Netanyahu was right to rush off to Moscow to ensure Israel would retain relative freedom of action, and to state clearly to Putin what our interests are and will continue to be.
This is more than a tactical agreement.
It is a shift in Israeli strategy.
It should be seen as well in the wider strategic context of the fine work that has been done in tightening relations with India and improving Israel- Chinese ties.
Compliment No. 2: Israel has responded to Arab knife, drive-by and stone-throwing murders with sufficient force to slow down the number and scope of these human tragedies.
Although some feel that Israeli reactions to the situation are too extreme, the fact is that Netanyahu did not repeat the heavy-handed error made by his predecessor, Yitzhak Rabin. Reacting to the first intifada, Rabin said “we will break their bones.” Though probably used as a metaphor, this was actually acted upon by some of our commanders.
Compliment No. 3: Netanyahu, with the help of US Secretary of State John Kerry (surprise!!) sought to find a way with Jordan to eliminate the constant Muslim-PA claim that we changed and are changing the status quo. Installing effective camera surveillance can prove who incites. The mufti, chosen by PA President Mahmoud Abbas, rejects the planned camera supervision of the status quo.
(By the way, the mufti, the senior Muslim cleric in Jerusalem, Muhammad Ahmad Hussein, has said that Haram al-Sharif or the Temple Mount has been a mosque since the world was created.
Well... A historian is born! And judging by what today’s Mufti Hussein said, perhaps the prime minister was not so wrong to refer to Hussein’s Nazi predecessor, Mufti Haj Muhammad Amin al-Husseini of 75 years ago.
Are they related by blood or just by hatred?) Netanyahu deserves credit for his proposal to install cameras on the Temple Mount.

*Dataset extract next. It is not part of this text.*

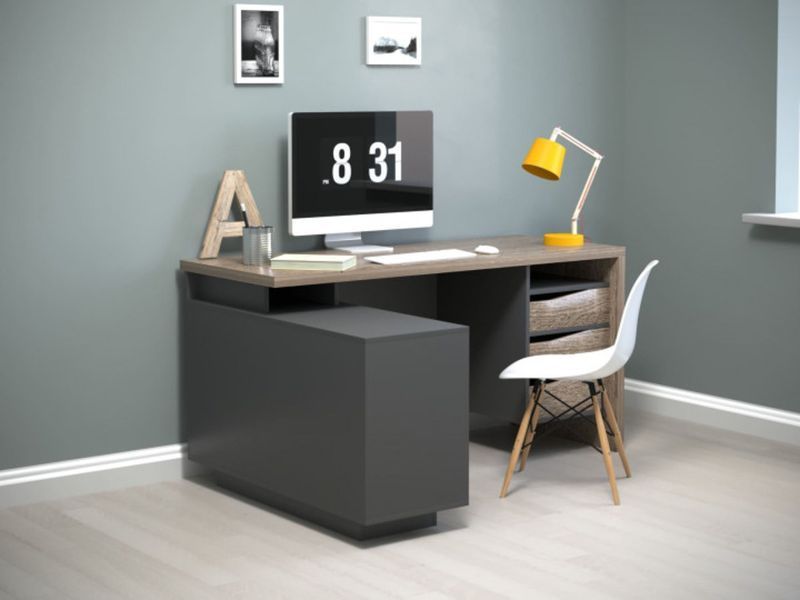 CONNECT 3 L стіл письмовий Intarsio 157x62.5x78.6 см, Дуб сонома трюфель/антрацит INTARSIO-CONNECT3_L фото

He has done so in the face of the extreme Right. This now not only includes Naftali Bennett’s Bayit Yehudi Party, dissident ex-Shas figures and the thinned-out Avigdor Liberman group but embraces parts of the Likud.
Prime Minister Netanyahu is also foreign minister. His deputy in that role, Tzipi Hotovely, announced that she can’t wait to see the Israeli flag waving over the mosque. This brilliant pearl of wisdom she cast before the world in a social media entry, just days – almost hours – after her prime minister and chief at the Foreign Ministry had garnered all his considerable rhetoric to insist that we have not changed, are not changing and will not change the status quo.
Hotovely represents the extreme face of the Likud Kahanist element. She and the other extremists will do all they can to unseat Netanyahu. I am afraid that current extremist incitement may presage dreadful events.
In meeting Putin and in tempering the reaction to the wave of Palestinian murders, Netanyahu has moved from politician to statesman. He has placed Israel’s national interests above sectoral desires, and even over resonances of our history.
His detractors will say, “It’s not him.
It’s his advisers.” Regardless of the paternity of these policies, it is the person who approves them and carries them out who is the one to wear the laurels.
A caveat. Would the present hate-filled Arab attacks have occurred if we had had a different strategy in place years ago? The facts on the ground today cannot be cast back retrospectively. I conjecture that perhaps life here would be far different.
But would not then the Temple Mount become or be made a flashpoint? A stronger caveat. It seems that Netanyahu has not levered the present chaos in the Middle East – a tohubohu of Biblical proportions – to create new and open realities in our relations with some Arab states. I used the words “open realities,” because I do not know what is going on clandestinely. I have a sense that under the oath of silence there is more than meets the eye.
Now, if I were to meet the premier and offer some solicited advice, I would say, “True, prime minister, I have criticized your management and probity on some issues. But right now you can realize your dream of being Churchill.
“Winston Churchill ‘crossed the floor of the House,’ and went from the Conservatives to the Liberals and then back to the Conservatives.
“Now is the time, Mr. Netanyahu, to rally your rational Likud followers with a program of timed steps towards Palestinian autonomy, while preserving or even thereby enhancing Israel’s security.
“The Likud may split? Then you can restore some respect and honor (‘hadar’ in Jabotinsky’s teachings) to your camp, and get rid of the ragtag self-promoters, cheap populists and Kahanist crazies.
Take the Likud loyalists who stand with you to create a government with one central aim: to negotiate strong security arrangements leading to a form of Palestinian self-government that restores dignity and self-respect to the Palestinians.
On that basis, the Center and Left would willingly join a national unity government.
“This policy together with economic progress and cooperation can bring light into the Palestinian darkness and hope to our own young generation.
“You have helped make Israel strong.
We have proven our strength more than once. Now let us be strong enough to do what is needed.
“Mr. Netanyahu, a leader who wishes to change reality, must begin by freeing himself and his thinking from idées fixes, to act with firm coolness and resolute vision. Ben-Gurion did it. Rabin did it. So can you.”